After The Big Player, Uston wrote Million Dollar Blackjack (1981). This book includes details about professional gamblers' techniques for gaining an advantage at the game. Uston also authored a companion piece, Ken Uston on Blackjack.
In an interview published in Video Games,[8] Uston revealed he got hooked on the games Pong and then Breakout. In 1979 Space Invaders became his video game of choice and, after his blackjack team made $350,000 in Atlantic City, they rented a house in California and bought a Space Invaders machine. The game appealed to him in part because of the trick of counting one's shots to get the maximum number of points for the spaceship at the top of the screen.

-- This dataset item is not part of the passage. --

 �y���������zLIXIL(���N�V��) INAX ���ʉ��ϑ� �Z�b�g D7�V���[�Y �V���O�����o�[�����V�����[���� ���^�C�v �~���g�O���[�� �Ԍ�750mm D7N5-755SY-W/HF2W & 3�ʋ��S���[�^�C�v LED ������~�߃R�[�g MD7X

In 1981, Uston began frequenting the Easy Street Pub near the Playboy Casino in Atlantic City. It was there he began a competition with some other regulars for having the high score on the bar's Pac-Man arcade game. He realized the game had patterns and, in order to gain an advantage, he began experimenting and writing them down on diagrams of the maze he had created, but he was unable to go beyond a certain level. On a trip back to San Francisco, he came across two Chinese-American boys by the names of "Tommy" and "Raymond" who taught him how to go further in the game. People had been telling Uston he should write a book about Pac-Man, but he had felt he didn't have enough knowledge. After receiving lessons from the two boys, Uston decided to go ahead with the book, titled Mastering Pac-Man, and wrote it in four days. It appeared in the New York Times Best Seller list.[8] [9]
Uston wrote several more books about video games and home computers during the 1980s. He also licensed his name to Coleco for the ColecoVision game Ken Uston's Blackjack/Poker. In 1983, Screenplay published software titled for the Apple II series, Atari 8-bit computers, Commodore 64, and IBM PC to assist in the learning and practice of Uston's relatively complex, yet highly accurate card-counting techniques.
He was also credited with the idea for the 1984 game Puzzle Panic.
Uston was married 3 times, all of which ended in divorce. He had 3 children, Betchai Ann, Katie and John.[10]
On the morning of September 19, 1987, Ken Uston, age 52, was found dead in his rented apartment in Paris. The cause of death was listed as heart failure.[11]